Finding $\lim_{n \to \infty} \int_{2}^{\infty} \frac{n\sin\left(\frac{x-2}{n}\right)}{(x-2)+(1+(x-2)^2)} dx$

Question

I have to calculate the following limits, using a theorem but I don't really know what theorem to use (it is for the subject of measurement and integration, for the unit "Measurable functions, integration and its properties"). $\space$

$$\lim_{n \to \infty} \int_{2}^{\infty} \frac{n\sin\left(\frac{x-2}{n}\right)}{(x-2)+(1+(x-2)^2)} dx$$

---

Do I have to use the dominated convergence theorem of Lebesgue?

I have first of all calculated $\lim\limits_{n \to \infty}\frac{n\sin\left(\frac{x-2}{n}\right)}{(x-2)+(1+(x-2)^2)}$ and I've obtained $\frac{1}{2x-3}$

Now, I want to calculate $\int_{2}^{\infty} \frac{1}{2x-3}\,dx$ but $\ln(\infty)$ doesn't exist... so what am I doing wrong?

Answer 1

I would "drop the tail" and use the monotone convergence theorem (which doesn't require the finiteness).

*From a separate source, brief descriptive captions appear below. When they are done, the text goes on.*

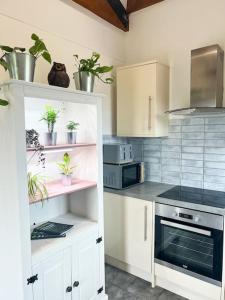 a kitchen with white cabinets and potted plants on shelves at Aplanty Nest amidst the Orchard 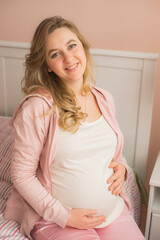 Young attractive pregnant woman on the sofa - 457095955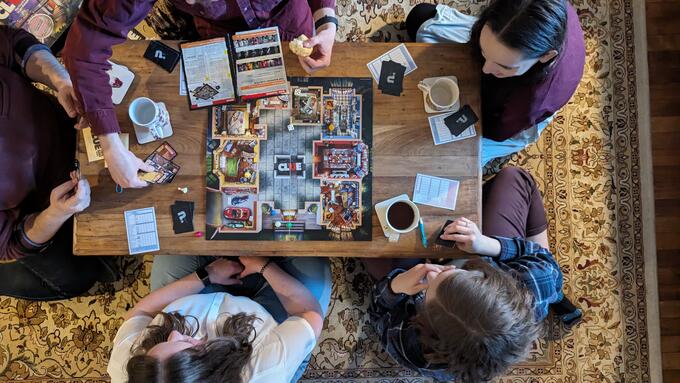 A group of people play a board game.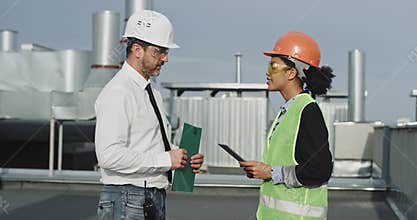 The dazzling young mixed woman explains to the admirable elder man something , after they both shake hands and smile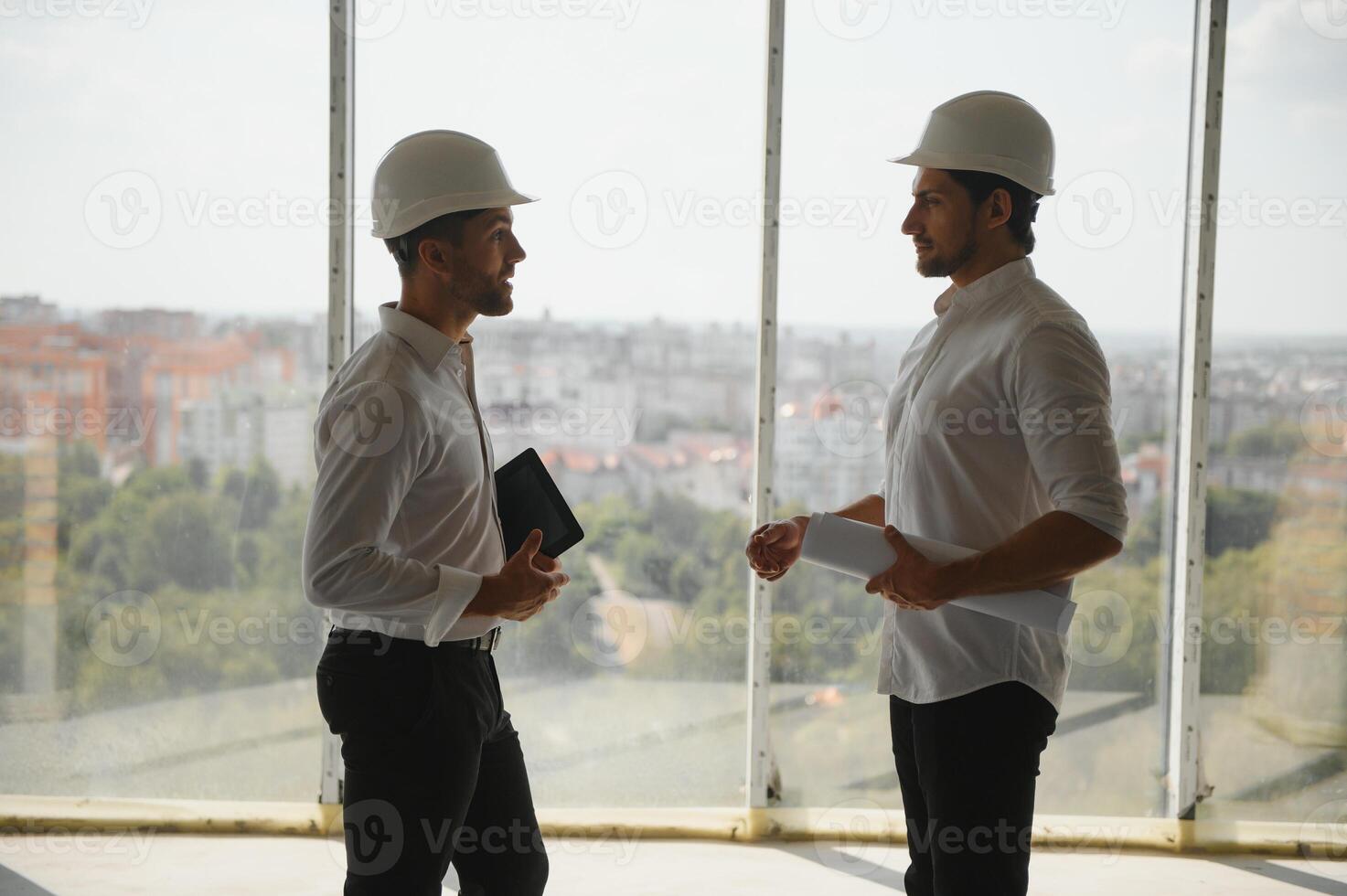 A front view of two smart architects with white helmets reviewing blueprints at a construction site on a bright sunny day photo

Our integral is $$I_n=\int_0^\infty\frac{n\sin(x/n)}{1+x+x^2}\,dx=J_n+R_n$$ with $J_n=\int_0^{n\pi}$ and $R_n=\int_{n\pi}^\infty$. Now $|R_n|\leqslant n\int_{n\pi}^\infty\frac{dx}{x^2}=\frac1\pi$, i.e. $R_n$ is bounded, and $\lim\limits_{n\to\infty}J_n=+\infty$ by MCT (indeed, $J_n=\int_0^\infty f_n(x)\,dx$ with $f_n(x)=0$ for $x\geqslant n\pi$, and $n\mapsto f_n(x)$ is nondecreasing for each fixed $x$, because $t\mapsto(\sin t)/t$ is decreasing for $t\in[0,\pi]$). Thus, $\lim\limits_{n\to\infty}I_n=+\infty$.